Professor Condemns Phrase 'I Feel Like' As Symptom Of 'Tyranny Of Feelings'
LatestThis weekend we crossed the threshold into a new month, and the New York Times, paper of record, has marked the occasion with a new condemnation of millennial culture. On April 30, 2016 their Opinion section ran a piece by Molly Worthen entitled “Stop Saying ‘I Feel Like.’”
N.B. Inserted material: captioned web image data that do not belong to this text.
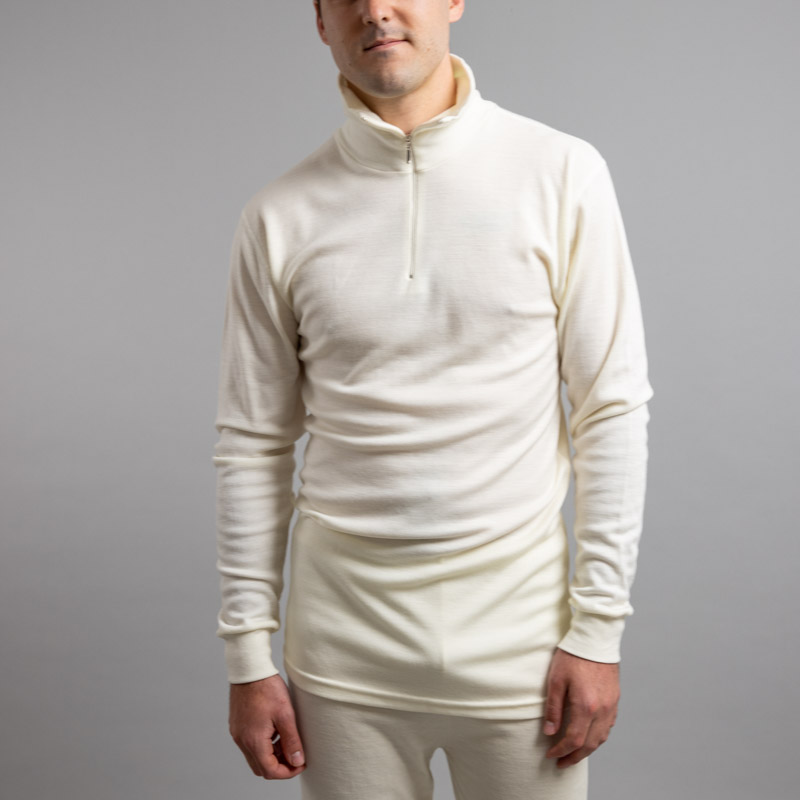 Front view of a male wearing white Merino Skins – Unisex Long Sleeve Half Zip Front
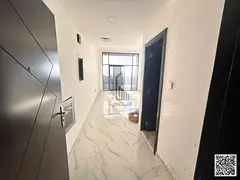 Two-bedroom apartment with a living room and three bathrooms for rent in Al Muwaihat 2.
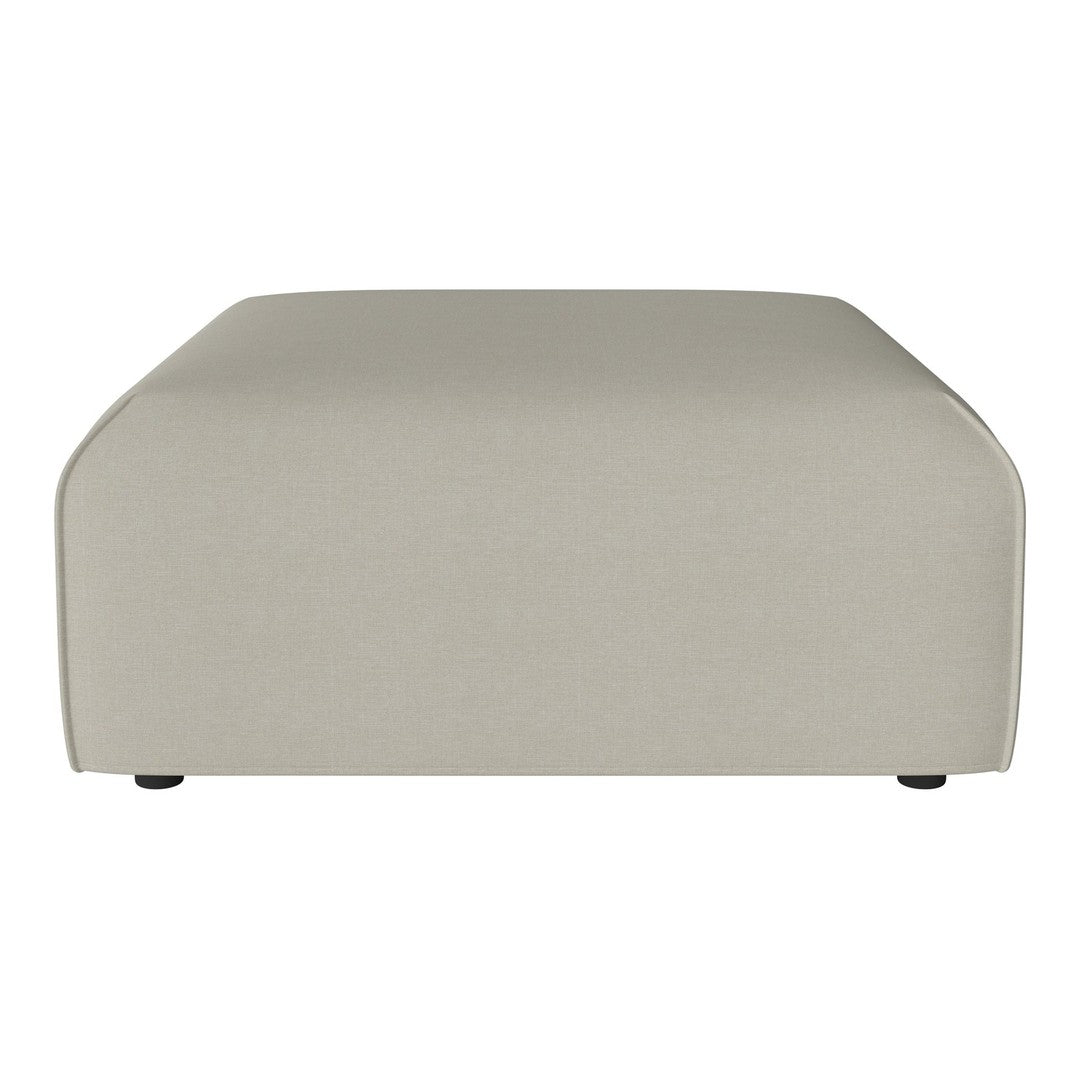 Beige rectangular ottoman with smooth, solid fabric and rounded edges. Perfect for modern living spaces.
Worthen, an assistant professor of history at the University of North Carolina, Chapel Hill, argues that by beginning statements this way, we not only equivocate, but also foreclose the possibility of debate, safeguarding ourselves with claims of individualized experience:
“ Listen for this phrase and you’ll hear it everywhere, inside and outside politics. This reflex to hedge every statement as a feeling or a hunch is most common among millennials. But I hear it almost as often among Generation Xers and my own colleagues in academia. As in so many things, the young are early carriers of broad cultural contagion.
…
This linguistic hedging is particularly common at universities, where calls for trigger warnings and safe spaces may have eroded students’ inclination to assert or argue. It is safer merely to ‘feel.’ Bradley Campbell, a sociologist at California State University, Los Angeles, was an author of an article about the shift on many campuses from a ‘culture of dignity,’ which celebrates free speech, to a ‘culture of victimhood’ marked by the assumption that ‘people are so fragile that they can’t hear something offensive,’ he told me.
Yet here is the paradox: ‘I feel like’ masquerades as a humble conversational offering, an invitation to share your feelings, too — but the phrase is an absolutist trump card. It halts argument in its tracks.
When people cite feelings or personal experience, ‘you can’t really refute them with logic, because that would imply they didn’t have that experience, or their experience is less valid,’ [University of Chicago senior Jing Chai] told me.”
In composing this editorial, Worthen armed herself with multigenerational corroboration. College students and tenured researchers alike testify to the case against “feeling like” this or that. “It’s a way of deflecting, avoiding full engagement with another person or group,” historian Elizabeth Lasch-Quinn tells Worthen, “because it puts a shield up immediately. You cannot disagree.”
It’s true that the subjectivity of experience cannot be debunked by quantitative reasoning — that wouldn’t be a productive conversation anyway. And it may be true, too, that we sometimes rely on the verb “to feel” when we’re not prepared to commit to an argument.